Fibromyalgia and chronic fatigue syndrome have a lot of the same symptoms and treatment, but how are they different. This article gives you the diagnostic criteria for diagnosis, symptoms and treatment of these two simular, yet different disorders.
Fibromyalgia is a chronic disorder characterized by widespread chronic pain, fatigue and depression. Chronic fatigue syndrome is a chronic disorder characterized by severe, disabling fatigue, pain and depression. It does seem that these two diseases are the same condition in many ways, but they are not. They are different conditions that you can have at the same time.
Fibromyalgia and chronic fatigue syndrome are commonly seen together. This make each disease even more difficult to live with. When you have both of these chronic disorders, not only are you dealing with severe pain, severe fatigue and depression of both diseases, but also all the many different disorders that go with each of them.
Chronic fatigue syndrome and fibromyalgia may appear alike, but one of the many differences in these two disorders is the way the are diagnosed.
Diagnosis of fibromyalgia:
Diagnosis of fibromyalgia is based on certain criteria that must have been present for three months or more. The first criteria is based on tender point pain. Tender points are penny to quarter size nodules on certain areas of the body that cause an increase of pain that increases when 4 kg. of pressure is applied to the nodule.
There are 18 tender points that are used for diagnosis. To be diagnosed with fibromyalgia you must have an increase of pain in 11 of these tender point when pressure is applied. The pain of tender points is localized and does not radiate to other areas of the body.

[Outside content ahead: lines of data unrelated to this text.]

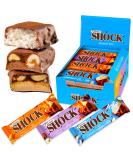 FitnesSHOCK Protein Bar Mix Box 12-Pack Fitness Bars No Added Sugar High 20% Protein Low Carb Almost Sugar-Free (1g) Low Calorie High in Fiber 12x50g Mix Box 50g - Buy Online on GoSupps.com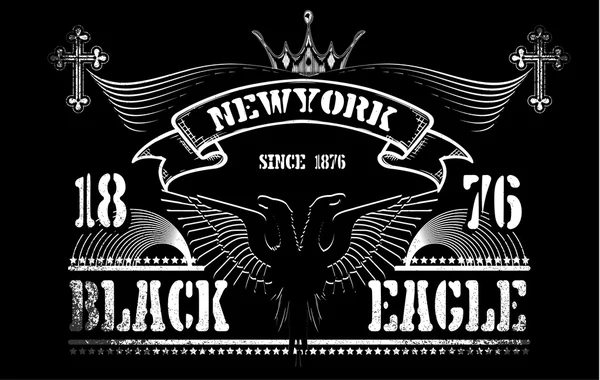 Etiqueta vintage "águila negra " — Archivo Imágenes Vectoriales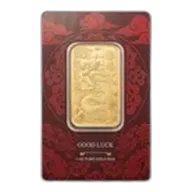 2025 1 oz Gold Bar - PAMP Good Luck Yellow Dragon (Assay)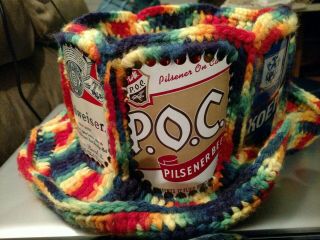 Vintage 1970s Tech,  Koehler,  Duke,  Bud,  Genesse,  Beer Can Crochet Retro Party Hat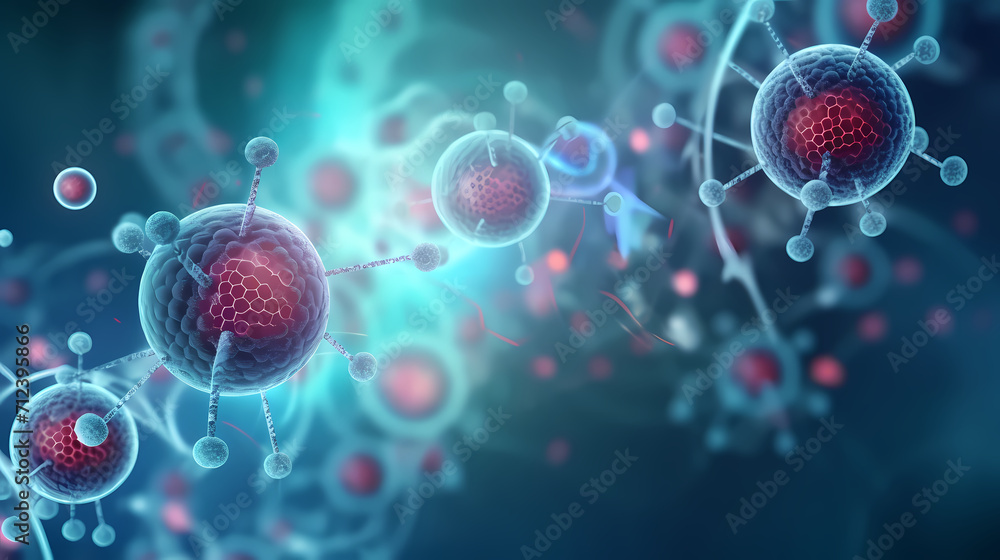 Virus cells abstract science concept, medical research background Virus cells abstract science concept, medical research background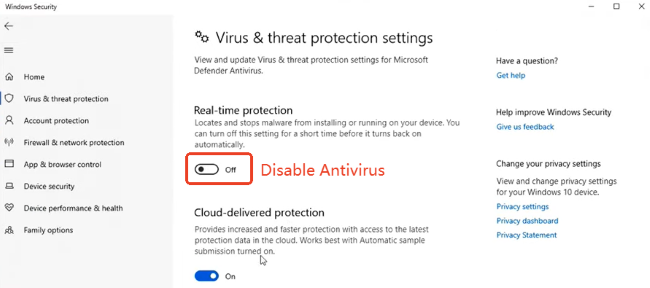 disable antivirus on computer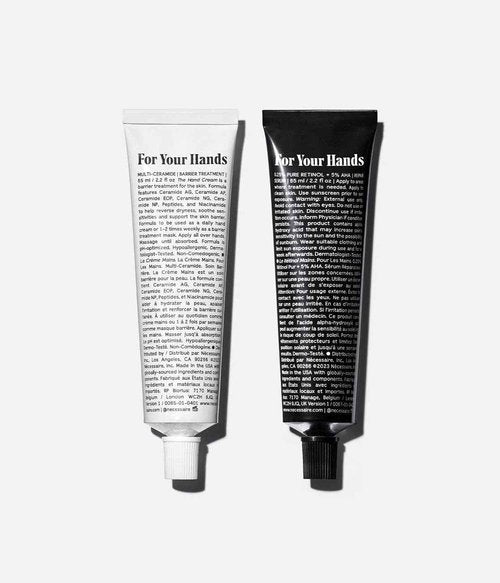 Nécessaire The Hand Duo – Fragrance-Free Hand Cream & Retinol Treatment Set for Dry Hands – Daily Hydration + Nighttime Repair with Ceramides, Peptides & Retinol – Vegan, Dermatologist-Tested – 2 x 2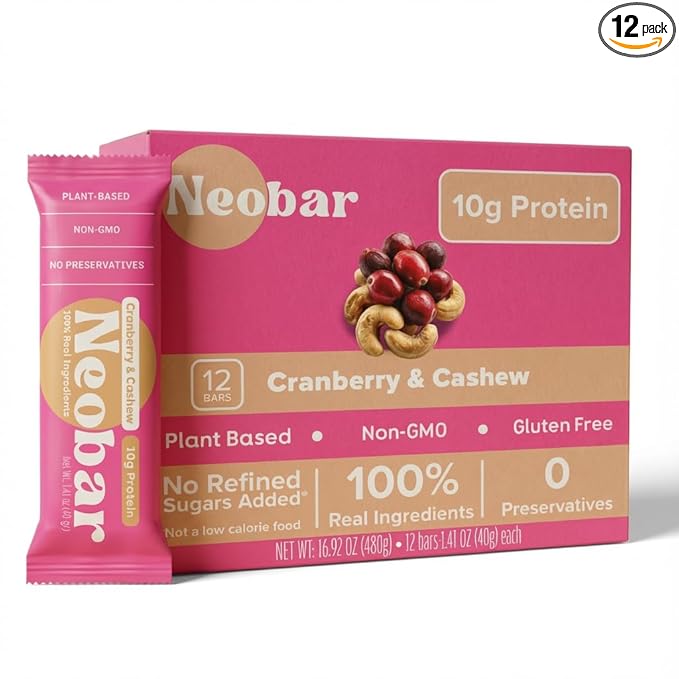 NEOBAR Fruit and Nut Bars - Plant-Based Vegan Snack Bars, Gluten Free Dairy Free Snacks, No Preservatives, No Refined Sugars Added, Non-GMO | Cranberry & Cashew, 10g Protein,12 Count
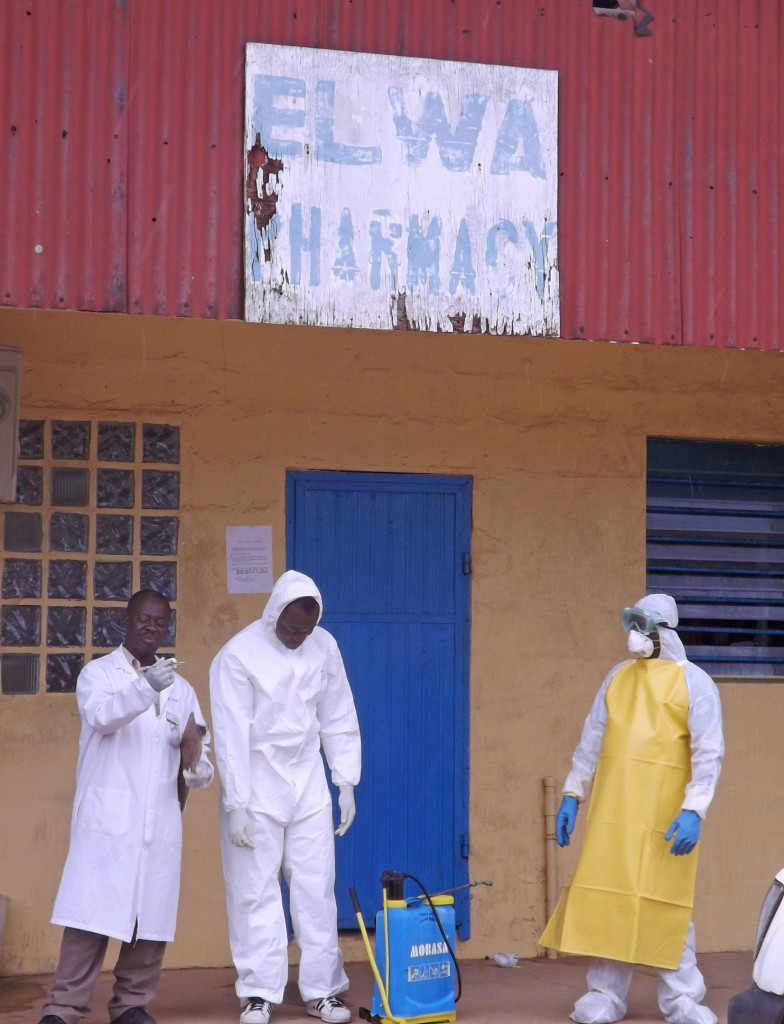 n this photo taken on Tuesday, Aug. 12, 2014, nurses dealing with patients await the arrival of Liberia President Ellen Johnson Sirleaf, as she tours areas to call on health workers not to leave there post as fear of the Ebola virus spreads throughout the city of Monrovia, Liberia. The World Health Organization declared it is ethical to use untested drugs and vaccines in the ongoing Ebola outbreak in West Africa although the tiny supply of one experimental drug handed out to three people has been depleted and it could be many months until more is available. (Abbas Dulleh/AP)
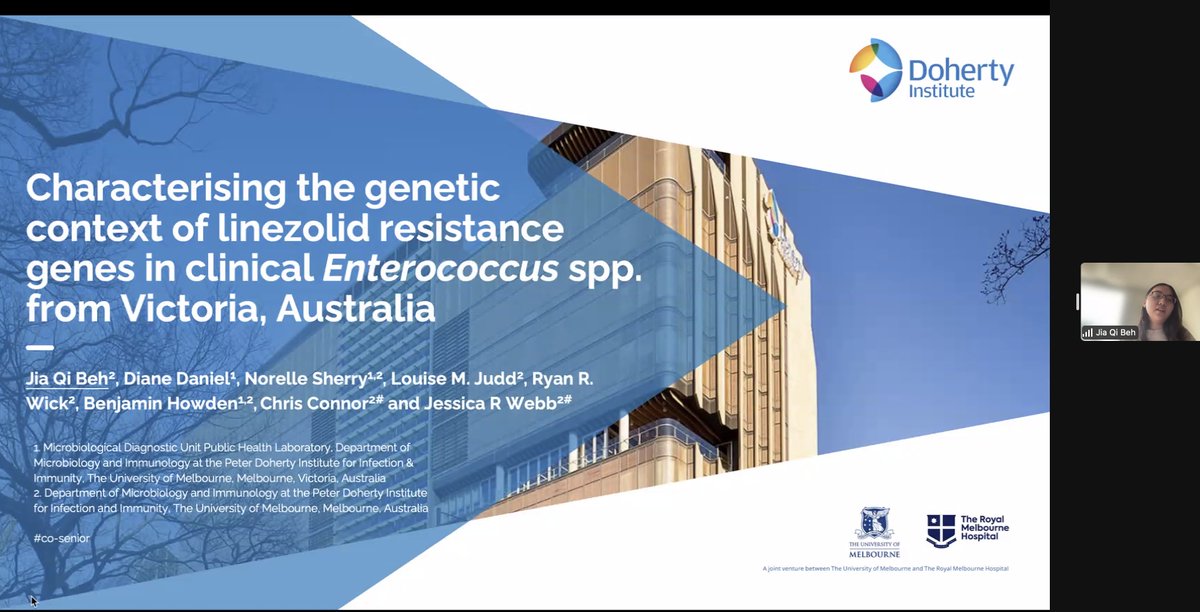 Jia Qi Beh shares the results of a retrospective study on Enterococcus in Australia 2015-2023. 41 isolates had resistance to the antimicrobial linezolid. Single gene involved for E. faecalis, but diverse mechanisms in E. faecium #MicroSeq2023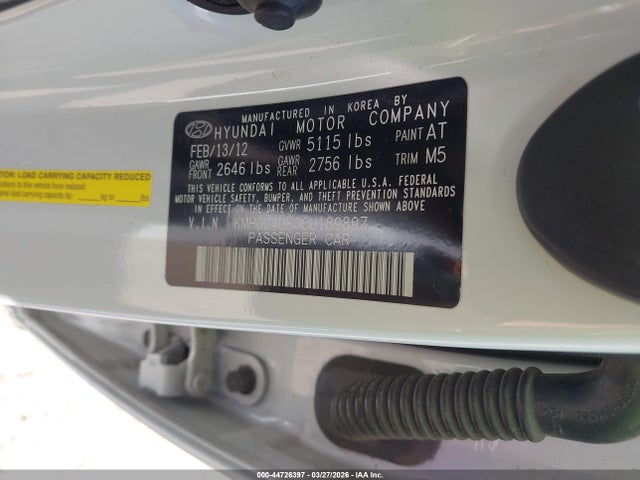 44726397 :رقم المزاد ، KMHGC4DF0CU189897 vin ، 2012 Hyundai Genesis 4.6 مزاد بيع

The other criteria used in the diagnosis of fibromyalgia is based on fatigue and pain. A person who has a history of widespread pain and fatigue lasting three months are more, with the positive tender point test, is considered to have fibromyalgia.
Diagnosis of chronic fatigue syndrome:
Diagnosis of chronic fatigue syndrome is a bit different than fibromyalgia, but not by much. Chronic fatigue syndrome is considered to be present if a person has had severe, debilitating fatigue for at least three months. There is also a list of other symptoms that must be present for a positive diagnosis.
The following list of symptoms is used for a chronic fatigue diagnosis. A person must have had four of these symptoms along with severe, disabling fatigue to have a positive chronic fatigue diagnosis.
Short term memory loss, concentration problems, sore throat, tender lymph nodes, muscle and joint pain, headaches, unrefreshing sleep and malaise that lasts for more that 24 hours after exertion.